Maillots de variadas matizes eram ostentados por elegantes jovens em busca de refresco para o "calor senegalesco" que se fazia sentir nestas paragens.

Assim o jornal Diário de Notícias descrevia os "week-ends" daquele janeiro de 1953, "por certo o mais abrasador desta época do ano". E era mesmo. Dados do Instituto Nacional de Meteorologia (Inmet) desde 1916 apontavam janeiro de 1953 como o mais quente de todos, com média de temperaturas máximas de 32,7ºC. O recorde foi quebrado agora, em 2014, com média de 33,1ºC.

Folheando as páginas amareladas dos arquivos do Museu da Comunicação Hipólito José da Costa em busca do relato jornalístico do último calorão histórico da Capital, deparamos com notícias sobre uma Alemanha ainda dividida em duas, e um terrível surto de gripe que causava centenas de mortes nos Estados Unidos, enquanto no Brasil o governo Vargas enfrentava uma profunda crise com inflação em alta e greves fervilhando. Na cobertura local, os confrontos do campeonato estadual de futebol, com destaque para os clubes do interior, os bons resultados da produção rural gaúcha, além de relatos de arrombamentos e "contos do bilhete" no plantão policial.

Anúncios de maillots se destacavam ao lado de canetas-tinteiro, rádios de mesa e outros produtos fora de linha há tempos. As temperaturas recordes ganhavam espaço no noticiário com textos até bem-humorados e, claro, fotos de mulheres bonitas. "Quem estivesse observando o termômetro logo ficaria assombrado de ver o mercúrio subindo implacavelmente", dizia uma nota publicada em 21 de janeiro de 1953.

Se em 2014 as fotos do governador Tarso Genro de sunga em Capão da Canoa viraram meme na internet, em 1953 o então governador Ernesto Dorneles foi fotografado de calção nas areias de Tôrres (com acento, na grafia da época) ao lado do presidente do Legislativo Vitor Graeff e do chefe do poder cultural Eliseu Paglioli, no que foi chamado pelo jornal de "banho dos três poderes".

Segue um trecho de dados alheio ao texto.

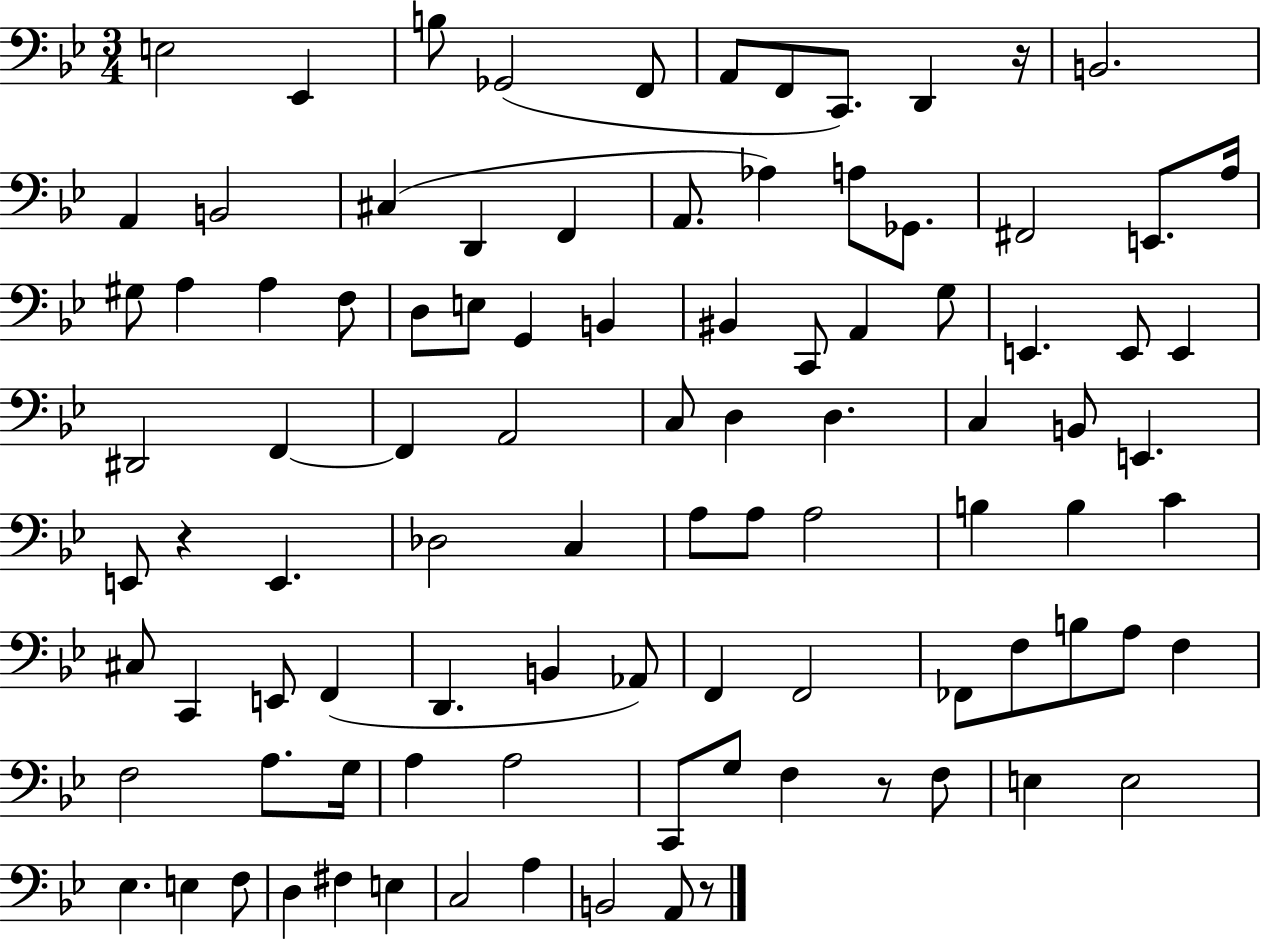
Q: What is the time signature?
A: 3/4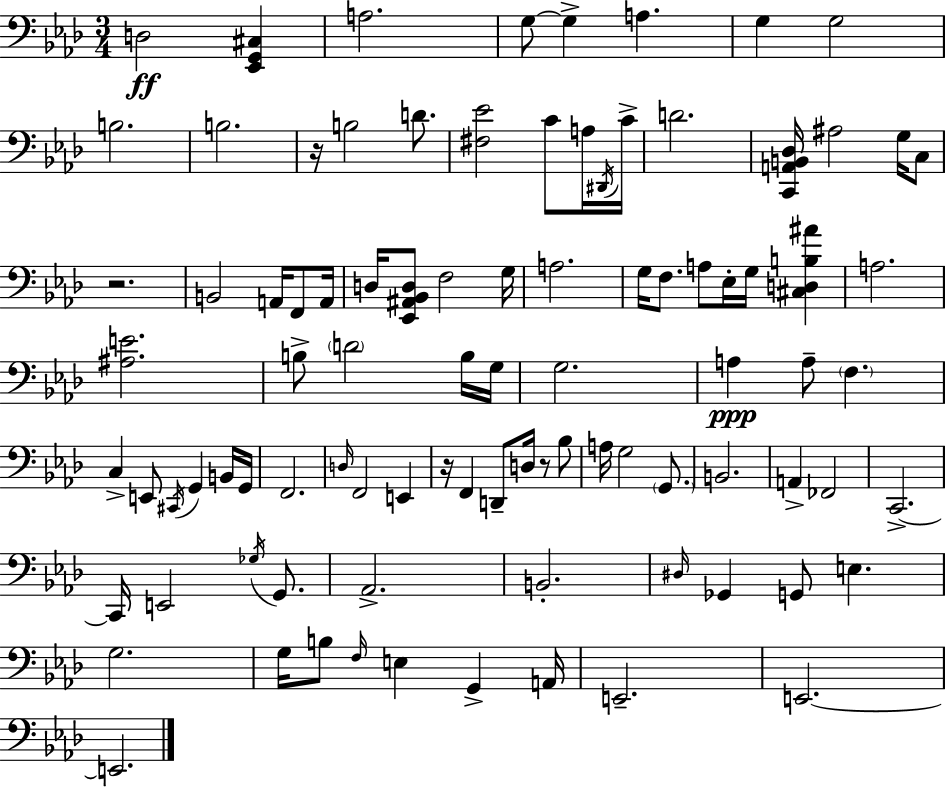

Enquanto isso, a facilidade do acesso barato e rápido à beira do Guaíba proporcionava ao "porto-alegrense menos afortunado o saudável prazer de se por em contato com a natureza", conforme coluna publicada em 17 de janeiro de 1953. Em tom opinativo, o texto apontava para problemas da época — alguns até hoje sem solução, contrariando a torcida no fecho do texto: "É verdade que as praias do Guaíba carecem de conforto e deixam muito a desejar, mas para opor a essas deficiências lamentáveis temos o bom-humor do porto-alegrense, que enfrenta, com espírito jovial e desportividade, a tragédia do transporte nos irritantes ônibus da Prefeitura, e a ausência de um serviço de bar organizado. Mas um dia a coisa vai melhorar!".

Desde aquela Porto Alegre de 61 anos atrás, quase tão abrasante quanto a Capital de agora, as praias do Guaíba deixaram de ser refúgio, já que a maioria hoje está imprópria para banho. Onde o banho ainda é possível, há pouca estrutura.